- **EXERCISE INSTRUCTIONS**
From the line with "Western blot analysis of extracts from HepG2" to the end of the data below, restate each line word for word, both ends included, without the pictures.

- **AVAILABLE RECORDS**
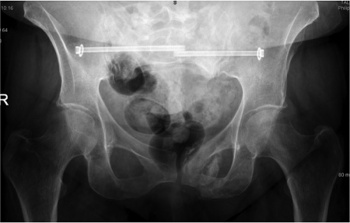 Figure 2b. Plain film pelvic x-ray six months post percutaneous fixation of bilateral sacral insufficiency fractures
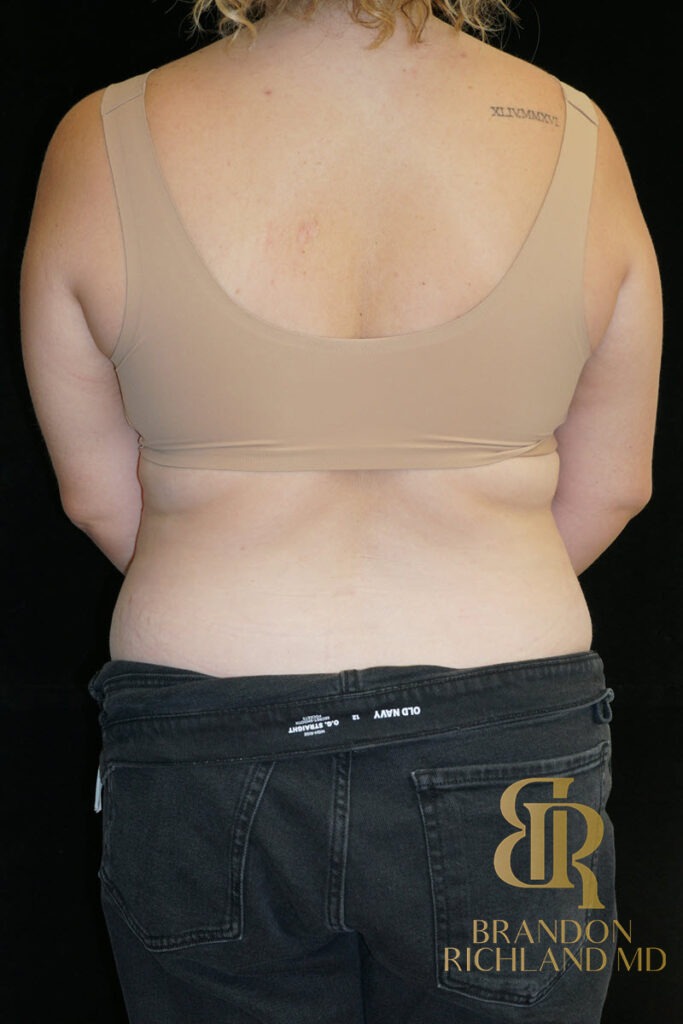 Renuvion Skin Tightening Before, Patient 36, view 6 — Dr. Brandon Richland, Newport Beach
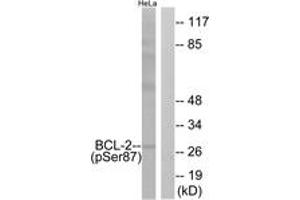 Western blot analysis of extracts from HeLa cells treated with nocodazole 1ug/ml 18h, using BCL-2 (Phospho-Ser87) Antibody. (Bcl-2 抗体  (pSer87))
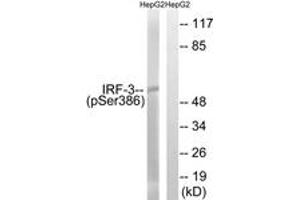 Western blot analysis of extracts from HepG2 cells treated with EGF 200ng/ml 30', using IRF-3 (Phospho-Ser386) Antibody. (IRF3 anticorps  (pSer386))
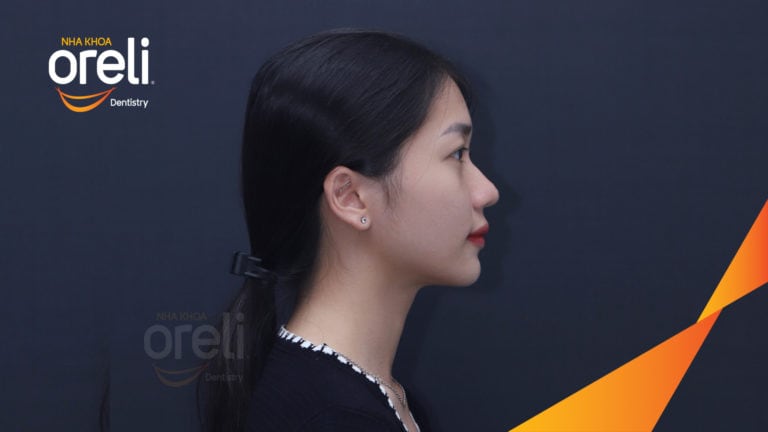 Ca niềng chỉnh hô cắn sâu cười hở nướu kết quả thực tế tại Oreli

- **PROBLEM SOLUTION**
 Western blot analysis of extracts from HepG2 cells treated with EGF 200ng/ml 30', using IRF-3 (Phospho-Ser386) Antibody. (IRF3 anticorps  (pSer386))
 Ca niềng chỉnh hô cắn sâu cười hở nướu kết quả thực tế tại Oreli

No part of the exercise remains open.